Czy mężczyzn także ów heroizm oralny dotyka?
Rzadziej niż kobiety. Mężczyźni częściej usiłują na próżno zaspokoić swoje potrzeby oralne poprzez nadmierne picie i palenie. Usta to przede wszystkim jednak narzędzie werbalnej i niewerbalnej komunikacji. Wyraz ust jest często bardziej istotny dla otoczenia niż to, co te usta mówią. Kształt i proporcje warg mają też znaczenie. Wprawdzie jest genetycznie uwarunkowany – tak jak inne atrybuty wyglądu – ale też modyfikowany przez doświadczenie, charakter, a także nastrój. Jeśli na przykład doświadczenie sprawia, że stajemy się oceniający i kontrolujący, to nasze usta staną się wąskie i zaciśnięte, jakby wciągnięte do środka. Ich wyraz komunikuje niechęć i lekką agresję do świata. Usta i cały człowiek zamykają się na przyjazny i ufny kontakt. To jakby odwrotność oralności. Nawet genetycznie piękne i pełne wargi zmienią kształt pod wpływem tak mocno ugruntowanej, negatywnej postawy wobec świata. Ilość emocji i stanów umysłu, które można wyrazić ustami, jest ogromna. Żeby się nie pogubić i nie pomylić, można starać się imitować miny, które robi nasz rozmówca.

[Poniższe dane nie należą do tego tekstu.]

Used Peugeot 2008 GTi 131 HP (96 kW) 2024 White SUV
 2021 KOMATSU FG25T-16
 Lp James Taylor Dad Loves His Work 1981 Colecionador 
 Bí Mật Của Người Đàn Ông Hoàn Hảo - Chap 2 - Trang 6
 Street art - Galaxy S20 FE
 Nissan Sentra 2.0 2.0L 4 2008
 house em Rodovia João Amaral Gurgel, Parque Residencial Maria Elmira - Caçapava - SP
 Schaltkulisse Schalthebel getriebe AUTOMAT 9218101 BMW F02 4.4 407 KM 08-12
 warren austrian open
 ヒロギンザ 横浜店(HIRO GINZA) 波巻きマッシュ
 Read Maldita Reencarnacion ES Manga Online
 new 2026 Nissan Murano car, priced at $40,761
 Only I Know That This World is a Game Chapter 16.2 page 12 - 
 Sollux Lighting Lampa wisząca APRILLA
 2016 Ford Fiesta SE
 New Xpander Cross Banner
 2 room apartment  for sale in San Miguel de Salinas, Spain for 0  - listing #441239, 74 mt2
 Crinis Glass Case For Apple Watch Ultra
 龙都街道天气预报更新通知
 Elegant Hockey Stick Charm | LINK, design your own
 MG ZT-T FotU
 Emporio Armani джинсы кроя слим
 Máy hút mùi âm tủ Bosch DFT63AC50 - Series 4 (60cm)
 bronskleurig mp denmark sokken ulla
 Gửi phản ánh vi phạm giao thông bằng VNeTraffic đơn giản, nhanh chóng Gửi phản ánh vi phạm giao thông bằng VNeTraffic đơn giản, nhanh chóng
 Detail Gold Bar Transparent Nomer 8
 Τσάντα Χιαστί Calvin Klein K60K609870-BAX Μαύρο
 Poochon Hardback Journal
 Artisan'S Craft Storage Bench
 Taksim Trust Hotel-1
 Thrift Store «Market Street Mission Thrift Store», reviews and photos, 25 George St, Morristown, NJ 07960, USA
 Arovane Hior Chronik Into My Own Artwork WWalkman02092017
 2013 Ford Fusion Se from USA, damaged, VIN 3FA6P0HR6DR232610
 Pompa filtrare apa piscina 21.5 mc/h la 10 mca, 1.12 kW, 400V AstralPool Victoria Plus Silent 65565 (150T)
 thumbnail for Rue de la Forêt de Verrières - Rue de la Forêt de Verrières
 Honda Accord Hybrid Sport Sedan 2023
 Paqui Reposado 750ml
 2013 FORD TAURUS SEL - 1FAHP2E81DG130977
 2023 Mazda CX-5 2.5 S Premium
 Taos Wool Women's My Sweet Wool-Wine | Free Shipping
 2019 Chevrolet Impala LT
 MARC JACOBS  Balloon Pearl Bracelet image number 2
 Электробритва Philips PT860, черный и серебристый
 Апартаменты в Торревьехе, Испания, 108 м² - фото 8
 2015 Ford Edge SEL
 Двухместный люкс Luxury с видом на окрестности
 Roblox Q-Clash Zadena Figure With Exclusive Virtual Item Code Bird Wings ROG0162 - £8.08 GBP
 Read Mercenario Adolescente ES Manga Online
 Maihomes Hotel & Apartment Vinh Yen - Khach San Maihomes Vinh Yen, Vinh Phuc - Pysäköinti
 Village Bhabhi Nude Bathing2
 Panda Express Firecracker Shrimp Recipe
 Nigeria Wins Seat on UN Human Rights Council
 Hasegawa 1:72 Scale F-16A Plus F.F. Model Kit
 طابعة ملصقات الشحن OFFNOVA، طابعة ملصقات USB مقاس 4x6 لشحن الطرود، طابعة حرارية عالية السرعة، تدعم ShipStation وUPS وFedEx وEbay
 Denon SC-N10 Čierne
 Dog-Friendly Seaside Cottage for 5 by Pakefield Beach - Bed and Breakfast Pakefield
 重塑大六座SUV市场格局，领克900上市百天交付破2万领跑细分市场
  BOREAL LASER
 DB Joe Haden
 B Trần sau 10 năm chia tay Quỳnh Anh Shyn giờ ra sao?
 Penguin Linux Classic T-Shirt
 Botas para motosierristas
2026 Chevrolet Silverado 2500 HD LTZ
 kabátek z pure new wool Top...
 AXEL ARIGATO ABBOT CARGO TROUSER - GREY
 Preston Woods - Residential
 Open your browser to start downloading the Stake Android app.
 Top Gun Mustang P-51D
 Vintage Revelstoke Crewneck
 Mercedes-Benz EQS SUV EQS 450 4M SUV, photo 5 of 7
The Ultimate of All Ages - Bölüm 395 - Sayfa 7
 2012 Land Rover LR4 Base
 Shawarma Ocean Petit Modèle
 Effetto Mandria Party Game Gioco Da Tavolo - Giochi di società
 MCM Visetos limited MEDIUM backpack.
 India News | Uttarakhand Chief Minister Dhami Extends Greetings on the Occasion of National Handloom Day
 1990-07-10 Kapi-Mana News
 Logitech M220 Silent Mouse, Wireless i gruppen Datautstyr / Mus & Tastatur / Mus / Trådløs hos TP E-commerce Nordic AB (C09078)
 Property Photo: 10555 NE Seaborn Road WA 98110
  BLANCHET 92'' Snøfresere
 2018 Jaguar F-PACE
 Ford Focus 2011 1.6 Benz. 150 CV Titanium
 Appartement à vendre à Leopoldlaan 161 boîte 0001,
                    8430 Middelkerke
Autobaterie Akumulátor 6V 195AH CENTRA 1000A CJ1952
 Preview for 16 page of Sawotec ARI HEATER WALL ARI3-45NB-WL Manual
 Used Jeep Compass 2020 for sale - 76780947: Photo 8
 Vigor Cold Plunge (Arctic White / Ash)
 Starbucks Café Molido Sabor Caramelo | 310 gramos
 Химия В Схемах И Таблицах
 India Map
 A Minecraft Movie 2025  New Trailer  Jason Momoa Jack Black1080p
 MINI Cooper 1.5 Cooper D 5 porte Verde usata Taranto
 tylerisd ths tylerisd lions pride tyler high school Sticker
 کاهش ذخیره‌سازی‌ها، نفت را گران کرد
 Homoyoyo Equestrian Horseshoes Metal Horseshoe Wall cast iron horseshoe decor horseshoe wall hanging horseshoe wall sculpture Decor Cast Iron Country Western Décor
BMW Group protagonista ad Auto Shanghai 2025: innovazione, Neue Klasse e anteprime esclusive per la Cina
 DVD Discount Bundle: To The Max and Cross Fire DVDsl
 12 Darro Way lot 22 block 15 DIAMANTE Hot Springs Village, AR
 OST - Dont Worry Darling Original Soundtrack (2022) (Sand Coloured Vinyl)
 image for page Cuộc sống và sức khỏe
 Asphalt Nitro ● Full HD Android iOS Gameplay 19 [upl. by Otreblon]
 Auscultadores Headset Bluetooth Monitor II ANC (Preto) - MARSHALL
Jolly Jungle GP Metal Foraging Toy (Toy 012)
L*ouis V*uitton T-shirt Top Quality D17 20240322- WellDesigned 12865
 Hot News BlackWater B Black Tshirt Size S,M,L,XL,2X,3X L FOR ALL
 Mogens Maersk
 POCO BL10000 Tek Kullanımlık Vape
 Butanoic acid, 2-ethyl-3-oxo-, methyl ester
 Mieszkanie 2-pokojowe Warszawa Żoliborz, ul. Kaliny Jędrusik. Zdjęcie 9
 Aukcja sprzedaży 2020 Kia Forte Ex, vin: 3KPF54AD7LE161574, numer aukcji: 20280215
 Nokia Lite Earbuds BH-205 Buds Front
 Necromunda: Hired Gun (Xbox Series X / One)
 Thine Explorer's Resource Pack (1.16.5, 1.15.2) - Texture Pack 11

Wtedy możemy poczuć, w jakim stanie emocjonalnym jest ten ktoś. Psychoterapeuci używają tej techniki, by lepiej odczytać stan umysłu pacjentów. Może być w tym również pomocna fizjonomika, praktyczna dziedzina wiedzy porządkująca obserwacje o związkach między kształtem i wyrazem twarzy a cechami charakteru oraz prawdopodobieństwem występowania określonych schorzeń. Nie tak dawno jeszcze lekarze, patrząc na twarz pacjenta, dowiadywali się dużo na temat jego zdrowia i ducha. Wiedzieli na przykład, że obrzmiała i obwisła dolna warga to znak chronicznego zaburzenia procesów trawiennych. Mieli też dostęp do wielu innych ważnych obserwacji, gromadzonych przez pokolenia lekarzy. Dzisiaj czytanie twarzy jest ważne dla psychoterapeutów i antyterrorystycznych programów komputerowych analizujących wyraz twarzy uczestników zgromadzeń.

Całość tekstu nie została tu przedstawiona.